On Capitol Hill, Sen. John Warner, R-Va., chairman of the powerful Armed Services Committee, indicated Friday a mechanism for a resolution of the confrontation could be in the works. Officials of the two governments, he said, were drafting a memorandum of understanding for approval by Bush and President Jiang Zemin.
Sealock, who first visited the 24 Americans Tuesday in more tense and rigid circumstances and controls, had briefed Bush by phone Friday morning immediately after his meeting, the second since Sunday. He told the president: "I think you'd feel proud. They look good."
Earlier, Secretary of State Colin Powell said he was "encouraged at this point" about negotiations over the return the 24 crew members and the damaged spy plane. He would not elaborate on the talks, but said officials from both sides "are exchanging ideas and papers."
Powell said most of the crew were staying two to a room, with the commander housed by himself and the three female crew members sharing one room.

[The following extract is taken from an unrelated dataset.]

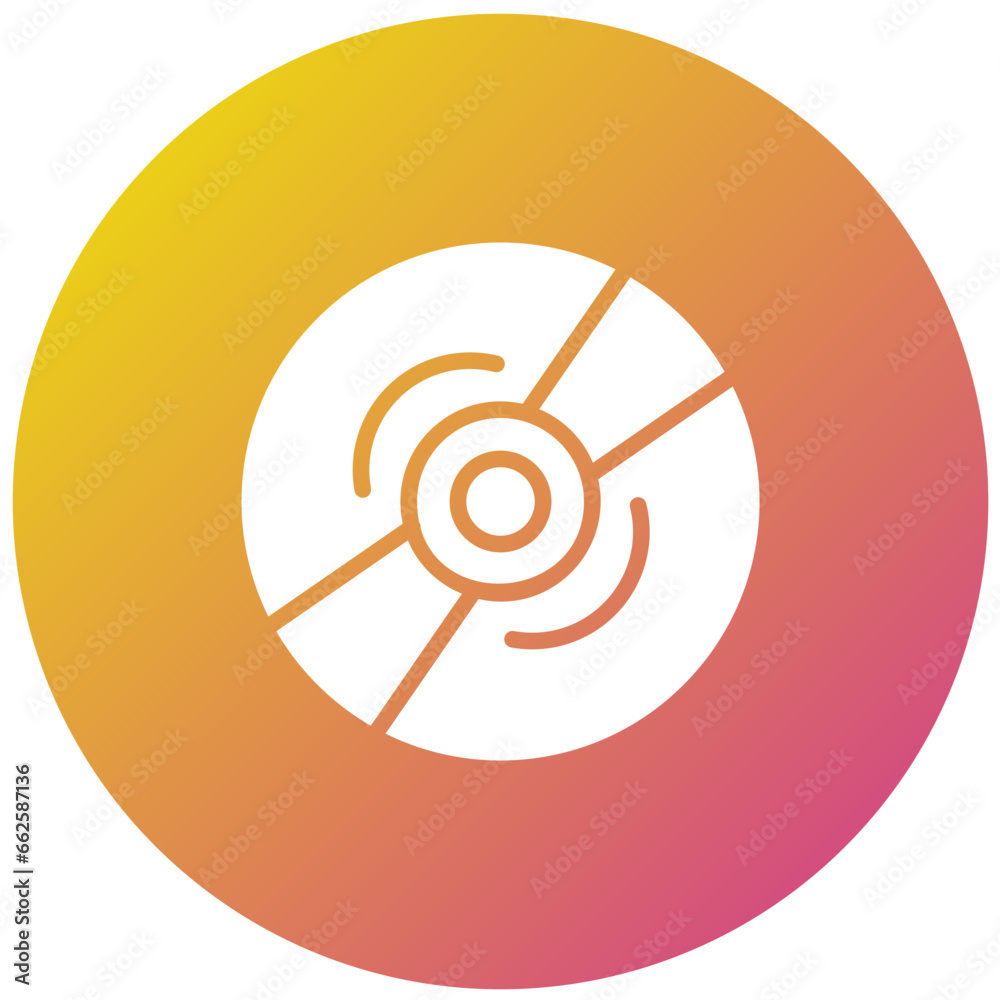 Compact Disk Vector Icon Design Illustration Compact Disk Vector Icon Design Illustration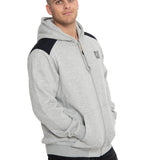 Poleron Casual Hombre Essential Fz Hooded Sweatshirt Gris Cat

The Chinese have brought the crew catered meals. Powell said there was "no indication of physical or verbal mistreatment."
U.S. diplomats plan on seeing the crew a third time today, but there is still no agreement on their release.
The E-3, which carries ultra-sophisticated electronic monitoring equipment, was flying off the Chinese coast, eavesdropping on China's communications, when it collided with an F-8 fighter sent to intercept it. Heavily damaged, the U.S. plane landed at a Chinese military base on Hainan. It is not known how much sensitive information and equipment the EP-3s crew was able to destroy before Chinese troops boarded the aircraft after its touch down.
China blames the United States for the collision and demands an apology. Washington says the F-8 hit the U.S. aircraft, which was flying over international waters.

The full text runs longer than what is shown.